I mean, it might be thousands of tests I've been associated with, each including thousands or tens of thousands of customers per test ... tens of millions of data points. I doubt there is any person on planet Earth who executed and analyzed more tests applied to a print-centric business than I have. 

So I shared what I learned. I could tell that the audience didn't like what I revealed. Long faces. Heads shaking "no" left-to-right and right-to-left. People not taking notes.

What I was sharing, of course, was the fact that the attendees were on the precipice of "re-inventing" their businesses. The audience didn't want to learn that. The audience wanted to learn that they could keep doing what they loved doing.

I finished my presentation ... tepid applause. A paper professional immediately pulled me aside and told me he couldn't let my message ever get to his clients because my message would, and I quote, "take food off of his dinner table".

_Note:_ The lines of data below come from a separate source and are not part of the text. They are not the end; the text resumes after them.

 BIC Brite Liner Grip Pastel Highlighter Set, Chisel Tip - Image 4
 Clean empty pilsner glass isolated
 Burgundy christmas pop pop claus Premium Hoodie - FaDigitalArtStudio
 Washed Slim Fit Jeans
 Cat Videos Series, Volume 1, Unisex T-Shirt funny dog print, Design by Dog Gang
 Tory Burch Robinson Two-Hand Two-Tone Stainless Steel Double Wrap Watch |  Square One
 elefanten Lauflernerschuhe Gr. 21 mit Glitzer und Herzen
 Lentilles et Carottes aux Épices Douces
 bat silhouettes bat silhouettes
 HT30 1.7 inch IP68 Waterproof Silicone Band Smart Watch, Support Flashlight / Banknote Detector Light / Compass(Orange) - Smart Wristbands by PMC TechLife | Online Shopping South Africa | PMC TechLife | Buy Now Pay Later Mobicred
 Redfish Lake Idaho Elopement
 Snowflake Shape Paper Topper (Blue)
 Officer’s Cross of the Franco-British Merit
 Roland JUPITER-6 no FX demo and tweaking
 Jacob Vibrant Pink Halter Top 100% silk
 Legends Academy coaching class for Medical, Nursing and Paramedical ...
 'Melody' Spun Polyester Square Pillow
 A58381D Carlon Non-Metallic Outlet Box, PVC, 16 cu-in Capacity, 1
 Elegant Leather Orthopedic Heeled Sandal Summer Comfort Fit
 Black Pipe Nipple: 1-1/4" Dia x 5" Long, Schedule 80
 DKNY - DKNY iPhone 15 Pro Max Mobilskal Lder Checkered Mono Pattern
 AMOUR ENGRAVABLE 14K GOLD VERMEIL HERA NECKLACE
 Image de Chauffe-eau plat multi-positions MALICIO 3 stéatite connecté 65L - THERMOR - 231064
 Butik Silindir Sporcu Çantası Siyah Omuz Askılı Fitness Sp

That's when the next speaker took the stage ... a person representing survey results from a print-centric agency. The speaker immediately attacked my presentation. He pointed to me in the distance, from the stage ... "He's quoting tests. Tests have all sorts of error and variability associated with them. I'm about to share facts with you. Yes, facts! We surveyed actual customers, and we know the truth." The audience bubbled with enthusiasm, as the speaker shared the results of a survey with a few hundred respondents ... a survey that was clearly designed to communicate the intangible value of print.

At the end of the presentation, the audience vigorously applauded. They were happy!

I realized I had been "set up". My presentation was there to communicate a point of view (the truth), but was then followed by an hour-long message that the conference organizer wanted the audience to hear. Within an hour, the audience perspective was reinforced. #printisback. All based on a survey of three hundred individuals. Positive vibes. Three hundred individuals were valued more than the millions of customers I'd analyzed via mail/holdout tests.

I analyzed a mail/holdout test for a client, a test showing that the catalog was wildly unprofitable. Their agency pushed back, suggesting that profitability wasn't the right metric, that I should be looking at the fact that engagement was significantly boosted (it was - website traffic increased nicely).

It's October 2025. Business owners and Executives cannot run businesses off of vibes and print engagement. Social engagement? Yeah, have at it, costs are minimal. Print is held to a different standard due to the prohibitive costs associated with print.

Execute mail/holdout tests. Learn. Adapt.